Just about two weeks ago, electricity provider Southern (SO) looked like it was on the cusp of an upside breakout, having consolidated for more than a month after hitting an all-time high of $62.36 on September 24:

Southern (SO), 12/31/18–10/24/19. Southern (SO) price chart. Breakout watch: Poised to extend rally.

Source: Power E*TRADE

At that point the stock was up a not-very-utility-like 40% on the year, more than double the S&P 500’s (SPX) gain.

Spoiler alert: Southern did break out of the upside of its trading range.

But that’s not the end of the story by a long shot.   

The chart below shows Southern’s rally was part of what has been a banner year for utilities (represented here by the Dow Jones Utility Average, DJUTL), which kept pace with the SPX even as the broad market charged to record highs in late-July, but then put the SPX in the rear-view mirror for the next two months. It’s only been in the past few days that the SPX has climbed back above the DJUTL for the year, as the latter broke down below the support of its October lows (dashed line):

Dow Jones Utility Average (DJUTL) and S&P 500 (SPX), 1/2/19–11/7/19. Utilities outpaced market for much of 2019.

Source: Power E*TRADE

The recent change in fortune for utilities is not necessarily mysterious, considering that after three months of repeatedly flirting with and retreating from new record highs, the broad market finally punched a hole through the clouds in late October, and was continuing to gain altitude as of yesterday.

Utility stocks are a defensive sector—maybe the classic defensive sector—so what may be more unusual is the fact that they outperformed an uptrending broad market for so much of the year. With the market now experiencing rather than anticipating new highs—as we get deeper into what is historically the most bullish period of the year—some rotation out of utilities may, as they say, “make sense.”

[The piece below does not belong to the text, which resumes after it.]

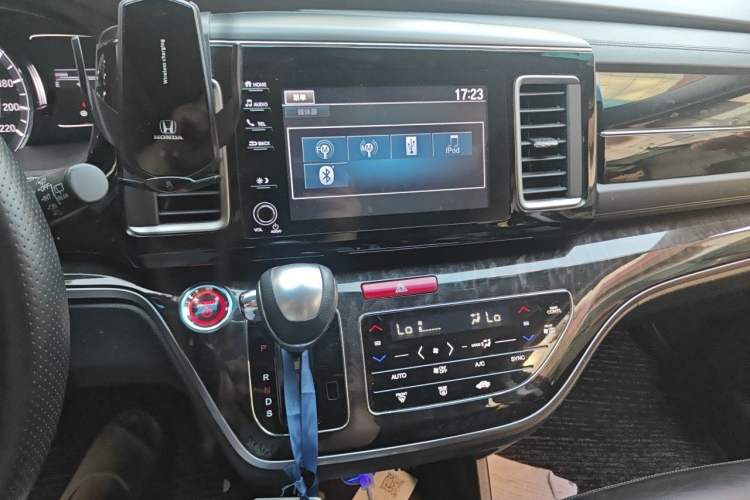 Used Honda Elysion 2019 2.0L Hybrid Luxury Edition Audio And AC Panel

Now let’s return to SO. The chart below shows what happened after the stock was knocking on the door of its trading–range highs on October 24:

Southern (SO), 7/26/19–11/7/19. Southern (SO) price chart. Bull trap?

Source: Power E*TRADE

After swinging back toward the lower boundary of the consolidation, SO broke out to the upside after beating its earnings numbers on October 30. It notched two more record intraday highs before reversing intraday on November 1 and, over the past four days, returning to the bottom of the range. (In a way, its position is similar to DJUTL’s four days ago, right before the utility gauge broke below support.)

There’s a name for this type of price action: “bull trap.” It refers to what can happen when an uptrending market enters a consolidation, breaks out to the upside—suggesting the bulls are ready to begin a new leg of the rally—only to quickly reverse to the downside, potentially “trapping” the bulls who bought the breakout and, if selling pressure continues, forcing them to sell their positions at a loss, fueling downside momentum.

Right now, short-term traders could be looking for stocks like SO to give back more of their rallies if they don’t hold their support levels. Utility stocks will likely always jump to the head of the line during times of broad–market stress, but there are times when every sector switches from leading the parade to watching it go by.

Market Mover Update: Amid more positive news from the trade-war trenches, Schlumberger (SLB) rallied more than 1% yesterday as crude oil futures extended their recent winning streak (see “Untapped potential?”).

Today’s numbers (all times ET): Consumer Sentiment (10 a.m.), Wholesale Trade (10 a.m.), Baker-Hughes oil rig count (1 p.m.).

Today’s earnings include: US Concrete (USCR).